All of that is to say, I think for a lot of us--and I'll confess, often for me as well--we tend to assume that faith is about getting God to keep things safely the same for us, rather than leading us somewhere new or pulling us to take a risk somewhere over the guardrails or beyond the rainbow. We tend to approach prayer as a means of trying to get things in our lives "back to normal" when they are out of their usual order, more than we seek to have God make us faithful or daring. We tend to see God as a way of getting back to our comfort zones, rather than being drawn out of them because God is leading us somewhere.

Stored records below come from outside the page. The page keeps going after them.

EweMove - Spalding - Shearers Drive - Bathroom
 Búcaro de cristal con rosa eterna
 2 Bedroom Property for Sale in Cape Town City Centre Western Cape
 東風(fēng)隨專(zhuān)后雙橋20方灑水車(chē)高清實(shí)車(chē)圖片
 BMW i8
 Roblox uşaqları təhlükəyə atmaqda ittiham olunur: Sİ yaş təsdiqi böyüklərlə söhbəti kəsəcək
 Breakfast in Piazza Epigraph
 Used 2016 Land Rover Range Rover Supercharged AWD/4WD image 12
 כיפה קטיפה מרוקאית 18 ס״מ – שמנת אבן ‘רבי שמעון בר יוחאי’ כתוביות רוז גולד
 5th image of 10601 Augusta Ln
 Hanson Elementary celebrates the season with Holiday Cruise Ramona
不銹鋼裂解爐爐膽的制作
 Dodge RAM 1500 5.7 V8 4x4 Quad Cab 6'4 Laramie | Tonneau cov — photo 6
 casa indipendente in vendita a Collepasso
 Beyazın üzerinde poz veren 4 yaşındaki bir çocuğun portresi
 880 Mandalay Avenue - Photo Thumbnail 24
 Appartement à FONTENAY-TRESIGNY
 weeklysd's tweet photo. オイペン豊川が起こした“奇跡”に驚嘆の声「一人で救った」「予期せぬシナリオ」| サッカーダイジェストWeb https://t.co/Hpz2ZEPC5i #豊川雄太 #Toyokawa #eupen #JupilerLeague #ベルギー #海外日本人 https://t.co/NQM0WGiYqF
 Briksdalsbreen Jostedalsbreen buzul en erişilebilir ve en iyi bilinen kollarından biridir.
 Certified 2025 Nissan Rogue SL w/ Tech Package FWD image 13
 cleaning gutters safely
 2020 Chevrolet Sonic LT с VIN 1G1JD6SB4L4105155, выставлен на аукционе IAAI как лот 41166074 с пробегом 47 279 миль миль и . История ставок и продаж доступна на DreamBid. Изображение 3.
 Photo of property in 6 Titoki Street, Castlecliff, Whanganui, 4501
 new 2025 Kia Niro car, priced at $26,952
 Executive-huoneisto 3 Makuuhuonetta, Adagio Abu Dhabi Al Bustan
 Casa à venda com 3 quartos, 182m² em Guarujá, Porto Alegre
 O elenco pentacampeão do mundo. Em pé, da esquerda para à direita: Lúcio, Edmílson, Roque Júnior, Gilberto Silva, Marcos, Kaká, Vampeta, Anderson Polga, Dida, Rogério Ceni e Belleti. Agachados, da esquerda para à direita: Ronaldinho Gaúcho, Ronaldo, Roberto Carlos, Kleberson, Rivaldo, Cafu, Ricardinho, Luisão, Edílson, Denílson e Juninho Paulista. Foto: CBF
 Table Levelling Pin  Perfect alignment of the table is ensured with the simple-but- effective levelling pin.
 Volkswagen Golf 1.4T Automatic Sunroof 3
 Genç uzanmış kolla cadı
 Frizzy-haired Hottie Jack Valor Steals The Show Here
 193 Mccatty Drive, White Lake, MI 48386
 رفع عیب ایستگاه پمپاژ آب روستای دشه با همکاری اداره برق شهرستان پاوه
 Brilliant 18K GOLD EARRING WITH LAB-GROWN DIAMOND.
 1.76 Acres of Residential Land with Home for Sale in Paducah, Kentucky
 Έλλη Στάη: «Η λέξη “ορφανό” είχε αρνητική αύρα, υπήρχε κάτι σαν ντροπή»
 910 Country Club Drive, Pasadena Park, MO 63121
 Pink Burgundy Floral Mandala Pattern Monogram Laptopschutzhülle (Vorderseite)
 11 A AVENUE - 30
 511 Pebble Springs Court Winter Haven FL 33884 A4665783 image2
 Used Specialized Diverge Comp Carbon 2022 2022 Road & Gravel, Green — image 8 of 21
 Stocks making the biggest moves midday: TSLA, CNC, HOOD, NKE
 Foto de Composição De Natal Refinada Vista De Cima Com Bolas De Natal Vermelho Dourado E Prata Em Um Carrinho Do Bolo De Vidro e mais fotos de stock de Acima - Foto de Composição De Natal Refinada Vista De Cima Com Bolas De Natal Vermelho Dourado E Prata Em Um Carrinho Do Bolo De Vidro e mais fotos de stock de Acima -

And yet, the promise here in Isaiah 43, which many of us heard this past Sunday in worship, is not, "Don't be afraid, because I'll let you stay home instead of ever having to cross the river," nor is it, "Keep those prayers coming and I'll just guarantee there will never be a fire to walk through." Rather, the promise is that God will indeed lead us through the waters and through the flames--and God will be with us there. That's really the way the whole arc of the Scriptures goes: it's the story of God calling people into wilderness places (like Abraham, or the newly liberated Israelites, or the exiled people of Judah at last coming home, as Isaiah 43 depicts here), and of God calling people to precarious new missions, from Moses raised up to lead his people out of slavery in the face of Pharaoh's tyranny to prophets like Amos sent to be holy troublemakers, to Daniel in the Lion's den, resisting an arrogant empire. In other words, the constant thread of the Bible is of a God who leads us through dangerous, risky, and uncomfortable places, rather than a deity who just piles blankets on us and lulls us back to sleep.
These words from Isaiah 43 only mean something to people who are being led like that. The reason that God promises to be with them through the rivers and the flames is that as these words were spoken, the people were hundreds of miles away from their ancestral lands in exile, and God was daring them to imagine a journey home. But the hitch for those exiled people was that a whole generation grew up in Babylon and had only ever known life there--it was the "devil they knew" rather than the fearful and unknown notion of going to a place that was "home" but somehow new to them. Trusting God meant being willing to leave behind the comfortably familiar to go into another wilderness journey. And indeed, there were literal rivers to be negotiated and the memory of smoldering ruins back in Judea to be dealt with. The prophet had to persuade people that it was worth packing up the lives they had settled for under the boot of the Babylonians and going where God was leading, and that meant also preparing them for a new (and frankly scary) way of life along the way. His job was to convince them, as Octavia Butler once put it in her novel Parable of the Talents, that "in order to rise from its own ashes, a phoenix must first burn." Rather than tell people God's job was to keep things the way they were, predictable and pat, the prophet said that God was leading them beyond what they knew and outside of what was comfortable. Only then would it mean something to say that God would be there with them in the flames.
In our own lives today, I wonder if we need voices like Isaiah 43 again (or, actually, if we just need to listen to these ancient words on their own terms!) to remind us that the life of faith isn't about keeping us comfortable, but about going where God leads us, even when that is through the waters and through the fires. I wonder if we have told ourselves that Christianity is basically a scheme for keeping things familiar and comfortable in our lives, when the Scriptures themselves say the opposite. Could we hear the prophets again tell us, "God is doing something new, for all the world--and it will be worth it, but getting there will sometimes feel like swimming across a river or walking across a fire. And God will bring us through..."? Could we let these ancient words help us see our journey with God not as a predictable round-trip outing to the shopping mall and back, but an adventure to somewhere we have never been, and yet which turns out to be home?
Lord God, lead us where you will, and make us brave rather than merely comfortable.